I’ve been clocking in so many hours at Mongolian Grill as both Grill Commander and Host with the Most…Energy, of course. So besides playing two odd houseshows with Coffey & the Lungs and practicing Commander Clark songs with a seven-person band (who has since played a Mongo set), I’m living stirfry. But that does NOT mean in ANY WAY that I am not having fun!
Some time ago, I YouTubed “Mongolian Grill” to compare restaurants, specifically Mongolian Grills in Mongolia. I found awesome videos with grillers performing blade tricks(!), but I also found results for Mongolian Throat Singing.
I found these unreal videos of Mongolians singing 3+ octaves, all at the same time. Intrigued, I typed “mongolian throat singing” into Google. From there, I obtained two albums entitled Hoomii / Urtin Duu and Enchanting Mongolia: Traditional Mongolian Music. Thinking it a smart idea to bring Mongolian music to Mongolian Grill, I transferred the albums to my phone to play them at the restaurant.
I work plenty of grill shifts…mainly closes. I listen to a lot of music to keep life interesting. Arcade Fire’s albums boost my concentrantion, energy and morale, +5 during rushes as well as +10 to life force with North American gothpunk singalongs. I play Rammstein’s live album “Völkerball” to boost my closing focus, agility and +10 to life force with German gothpunk singalongs. But I consistently play Hoomii / Urtin Duu and Enchanting Mongolia. I want to LEARN and PLAY music that can only be unnaturally Mongolian.
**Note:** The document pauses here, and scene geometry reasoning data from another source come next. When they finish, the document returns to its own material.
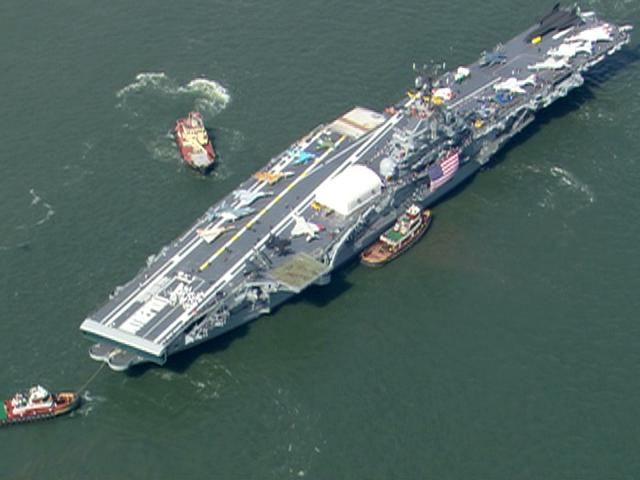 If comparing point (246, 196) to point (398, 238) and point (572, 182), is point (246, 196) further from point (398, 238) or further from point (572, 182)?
point (572, 182)

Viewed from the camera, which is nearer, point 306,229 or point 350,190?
point 306,229

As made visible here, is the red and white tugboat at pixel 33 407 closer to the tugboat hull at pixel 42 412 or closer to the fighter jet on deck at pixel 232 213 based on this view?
the tugboat hull at pixel 42 412

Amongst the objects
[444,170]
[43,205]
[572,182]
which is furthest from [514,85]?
[43,205]

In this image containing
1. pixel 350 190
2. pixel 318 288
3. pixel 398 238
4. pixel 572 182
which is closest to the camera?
pixel 318 288

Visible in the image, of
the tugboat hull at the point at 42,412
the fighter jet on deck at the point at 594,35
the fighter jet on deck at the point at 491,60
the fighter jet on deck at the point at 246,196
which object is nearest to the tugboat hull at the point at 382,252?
the fighter jet on deck at the point at 246,196

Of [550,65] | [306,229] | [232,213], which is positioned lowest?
[306,229]

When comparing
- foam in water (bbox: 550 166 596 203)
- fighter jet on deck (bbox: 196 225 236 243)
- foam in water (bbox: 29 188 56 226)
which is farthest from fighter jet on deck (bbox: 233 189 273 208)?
foam in water (bbox: 550 166 596 203) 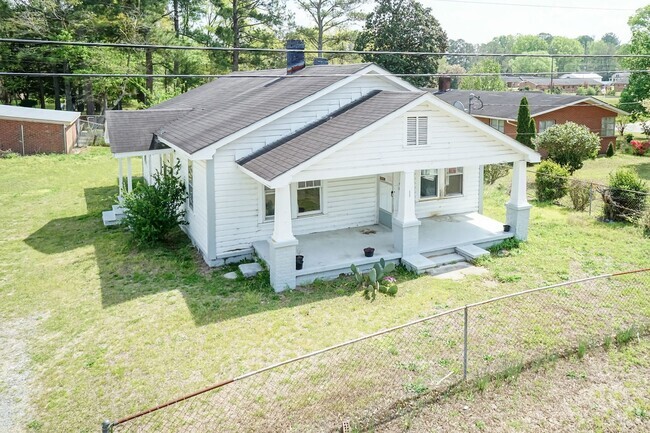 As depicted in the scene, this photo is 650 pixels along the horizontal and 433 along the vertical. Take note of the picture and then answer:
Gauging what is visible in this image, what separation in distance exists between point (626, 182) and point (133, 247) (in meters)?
15.2

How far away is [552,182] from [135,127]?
15.2 m

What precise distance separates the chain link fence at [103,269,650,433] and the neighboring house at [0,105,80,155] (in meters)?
29.6

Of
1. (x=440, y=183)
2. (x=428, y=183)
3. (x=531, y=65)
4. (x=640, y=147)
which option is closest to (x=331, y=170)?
(x=428, y=183)

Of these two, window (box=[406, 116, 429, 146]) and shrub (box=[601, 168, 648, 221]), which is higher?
window (box=[406, 116, 429, 146])

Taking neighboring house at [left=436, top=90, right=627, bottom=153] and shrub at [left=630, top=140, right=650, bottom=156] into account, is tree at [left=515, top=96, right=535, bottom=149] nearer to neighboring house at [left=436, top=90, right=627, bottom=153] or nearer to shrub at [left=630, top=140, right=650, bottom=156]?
neighboring house at [left=436, top=90, right=627, bottom=153]

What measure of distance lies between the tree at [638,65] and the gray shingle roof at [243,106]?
30799 millimetres

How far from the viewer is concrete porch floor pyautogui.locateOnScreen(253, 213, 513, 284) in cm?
1205

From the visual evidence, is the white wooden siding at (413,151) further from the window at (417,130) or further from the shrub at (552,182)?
the shrub at (552,182)

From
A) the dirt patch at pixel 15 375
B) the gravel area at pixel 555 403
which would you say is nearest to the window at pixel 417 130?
the gravel area at pixel 555 403

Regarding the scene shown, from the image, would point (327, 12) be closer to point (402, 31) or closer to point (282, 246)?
point (402, 31)

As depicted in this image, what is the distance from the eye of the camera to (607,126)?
3488 cm

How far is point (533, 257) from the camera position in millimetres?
13102

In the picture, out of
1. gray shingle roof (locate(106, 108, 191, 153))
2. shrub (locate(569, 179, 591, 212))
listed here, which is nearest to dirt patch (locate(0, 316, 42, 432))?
gray shingle roof (locate(106, 108, 191, 153))

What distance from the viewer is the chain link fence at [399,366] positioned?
22.3 ft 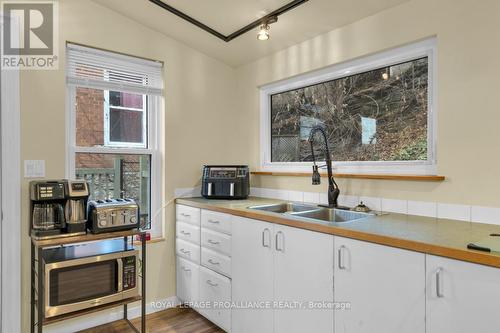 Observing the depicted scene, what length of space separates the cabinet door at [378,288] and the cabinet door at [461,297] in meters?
0.04

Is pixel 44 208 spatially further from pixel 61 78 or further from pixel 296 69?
pixel 296 69

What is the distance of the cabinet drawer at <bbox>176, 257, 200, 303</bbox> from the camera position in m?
2.54

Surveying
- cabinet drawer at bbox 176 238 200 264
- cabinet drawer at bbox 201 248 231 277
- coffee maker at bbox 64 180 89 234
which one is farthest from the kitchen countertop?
coffee maker at bbox 64 180 89 234

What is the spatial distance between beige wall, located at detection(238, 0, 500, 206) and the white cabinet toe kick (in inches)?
27.5

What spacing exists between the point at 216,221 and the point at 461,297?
154 centimetres

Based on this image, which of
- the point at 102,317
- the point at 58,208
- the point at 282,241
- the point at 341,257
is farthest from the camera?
the point at 102,317

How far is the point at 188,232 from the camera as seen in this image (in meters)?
2.62

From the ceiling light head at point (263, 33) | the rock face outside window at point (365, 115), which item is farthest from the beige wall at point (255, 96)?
the ceiling light head at point (263, 33)

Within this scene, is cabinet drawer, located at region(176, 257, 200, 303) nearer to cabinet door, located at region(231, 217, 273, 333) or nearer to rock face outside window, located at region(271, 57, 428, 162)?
cabinet door, located at region(231, 217, 273, 333)

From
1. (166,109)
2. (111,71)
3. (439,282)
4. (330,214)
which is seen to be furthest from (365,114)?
(111,71)

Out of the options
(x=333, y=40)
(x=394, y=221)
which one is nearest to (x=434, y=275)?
(x=394, y=221)

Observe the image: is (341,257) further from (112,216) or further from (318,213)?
(112,216)

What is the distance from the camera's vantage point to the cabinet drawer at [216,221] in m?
2.23

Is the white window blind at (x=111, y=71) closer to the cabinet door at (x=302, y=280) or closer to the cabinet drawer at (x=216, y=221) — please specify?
→ the cabinet drawer at (x=216, y=221) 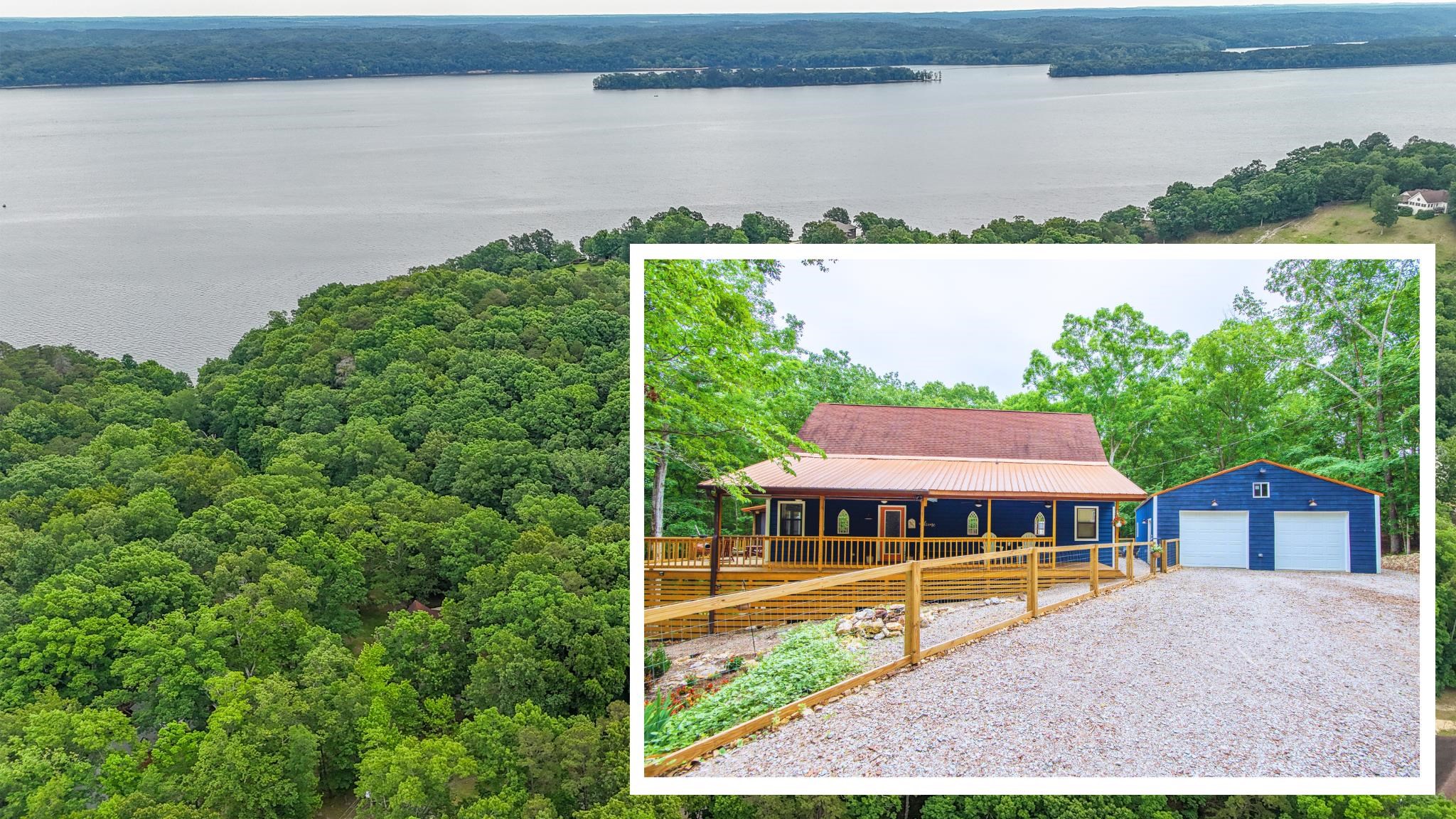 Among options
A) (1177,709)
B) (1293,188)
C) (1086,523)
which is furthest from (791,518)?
(1293,188)

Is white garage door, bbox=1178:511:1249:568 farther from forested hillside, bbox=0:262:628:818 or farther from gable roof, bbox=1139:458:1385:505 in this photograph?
forested hillside, bbox=0:262:628:818

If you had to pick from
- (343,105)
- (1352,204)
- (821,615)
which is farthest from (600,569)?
(343,105)

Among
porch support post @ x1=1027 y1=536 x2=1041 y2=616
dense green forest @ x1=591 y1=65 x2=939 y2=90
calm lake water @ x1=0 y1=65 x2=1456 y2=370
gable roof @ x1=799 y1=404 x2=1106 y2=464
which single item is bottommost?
porch support post @ x1=1027 y1=536 x2=1041 y2=616

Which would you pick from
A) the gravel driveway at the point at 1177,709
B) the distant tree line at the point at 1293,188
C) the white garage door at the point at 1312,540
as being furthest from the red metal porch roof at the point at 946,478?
the distant tree line at the point at 1293,188

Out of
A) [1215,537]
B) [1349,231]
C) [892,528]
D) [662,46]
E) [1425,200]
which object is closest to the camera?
[892,528]

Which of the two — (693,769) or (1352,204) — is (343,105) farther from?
(693,769)

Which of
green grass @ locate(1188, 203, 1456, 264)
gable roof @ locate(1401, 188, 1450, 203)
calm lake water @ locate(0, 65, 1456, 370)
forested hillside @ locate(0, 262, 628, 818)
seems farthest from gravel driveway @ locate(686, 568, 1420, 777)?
gable roof @ locate(1401, 188, 1450, 203)

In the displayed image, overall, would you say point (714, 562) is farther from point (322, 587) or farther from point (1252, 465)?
point (322, 587) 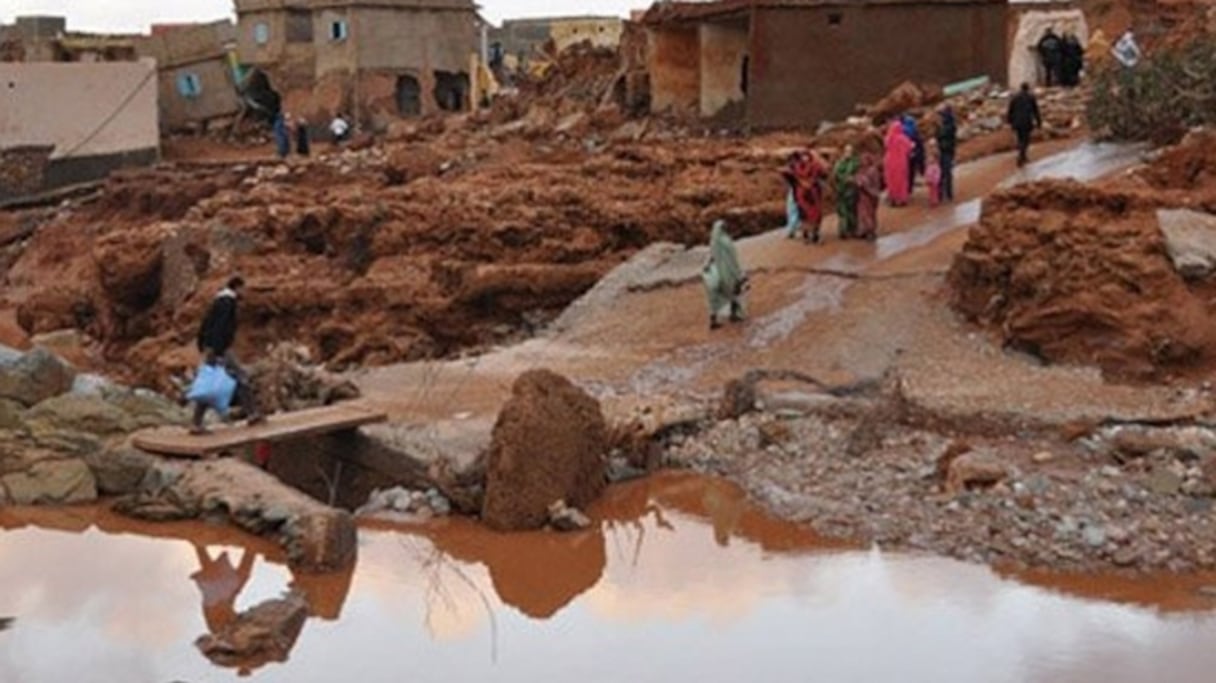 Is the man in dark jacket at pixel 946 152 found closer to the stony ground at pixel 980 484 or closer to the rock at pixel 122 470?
the stony ground at pixel 980 484

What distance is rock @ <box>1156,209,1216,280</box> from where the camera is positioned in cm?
1385

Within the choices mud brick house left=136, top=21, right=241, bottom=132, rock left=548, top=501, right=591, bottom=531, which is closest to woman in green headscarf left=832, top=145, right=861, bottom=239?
rock left=548, top=501, right=591, bottom=531

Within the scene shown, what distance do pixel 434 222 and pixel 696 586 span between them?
10.7 metres

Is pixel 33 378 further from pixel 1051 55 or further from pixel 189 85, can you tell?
pixel 189 85

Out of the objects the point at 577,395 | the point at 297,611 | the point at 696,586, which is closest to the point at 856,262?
the point at 577,395

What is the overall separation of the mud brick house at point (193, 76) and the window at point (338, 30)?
115 inches

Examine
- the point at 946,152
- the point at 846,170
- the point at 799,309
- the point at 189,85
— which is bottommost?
the point at 799,309

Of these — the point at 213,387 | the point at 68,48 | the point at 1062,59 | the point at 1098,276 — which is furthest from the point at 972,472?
the point at 68,48

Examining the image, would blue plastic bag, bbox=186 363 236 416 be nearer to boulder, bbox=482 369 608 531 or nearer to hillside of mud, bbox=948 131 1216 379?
boulder, bbox=482 369 608 531

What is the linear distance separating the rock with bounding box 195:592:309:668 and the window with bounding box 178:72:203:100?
34.4 m

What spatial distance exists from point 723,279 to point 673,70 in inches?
533

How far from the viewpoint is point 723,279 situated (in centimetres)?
1584

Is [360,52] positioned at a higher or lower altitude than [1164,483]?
higher

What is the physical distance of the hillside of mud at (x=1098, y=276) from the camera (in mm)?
13578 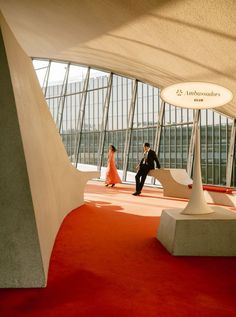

While I’d play the song “Edjin Duu” by Okna Tsahan Zam off Hoomii, I sang along to the melody while working, though I knew not the words. The track is interspersed with morin khuur (tradition Mongolian stringed instrument, used extensively throughout both albums), synthesizers, sounds of horses, campfries, ululating choruses with no defining words…I lated watched the movie Mongol and was overexcited at watching GENGHIS KHAN AND HIS BEST FRIEND SING THE SAME LYRICS. Isn’t it strange that at least 3 Mongolian employees have silver-green eyes? And that Genghis himself had shining, silver-green eyes, the very same found in Mongolian Grill?
There’s also a song like “Sygyt”, also off Hoomii, by Ondar Mongun-Ool that chugs and rolls like an old blues song just rolling on that one lone chord…excpet Mongun-Ool is STRUMMING A MORIN KHUUR and singing what must be AND ACTUION PACKED TRIP BY HORSE ACROSS THE ENDLESS MONGOLIAN STEPPE. I want to learn this song and play it, because even though I may be ignorant of the lyrics, I feel a strong emotion about the music. A Mongol life is nonstop atop those Great Plains…I know nothing but the music and Mongol. They both contain these expansive feelings of loneliness but strength and willpower in the face of the worst, which makes the work environment much more enjoyable.
One of the Mongolian Grill “favourites”, however, is a trio of songs: “Seruun Saichan Tshangai (Beautiful Cool Tshanga)”, “Urchan Chongo Salchi” and “Ar Chewtsh.” All of these were performed by the morin khuur and voice duo of Tsh. Batsaichan and N. Norovbansad. “Urchan Chongo Salchi” is about reliving the season of autumn, and the feelings that arise. “Ar Chewtsh” is about young love, and the lack of patience! Miss Norovbansad’s singing is SO INTENSE that it drives both customer and employee to a cringe of delight, amazement and disturbance all at the same time. Maybe I’m the only one feeling the “delight” part, but the music pumps me up as a griller and it’s better than being SILENT and GRUMPY when no one’s talking!!!
A fair amount of customers have complimented the music and I feel, as it is called Mongolian Grill, the restaurant might as well have some authentic Mongolian music. For me to learn and appreciate a completely different music style and to bring that appreciation to my own world of music, it is worth a bit more than just the compliments. Plus, I learned how to say “thank you” in Mongolian.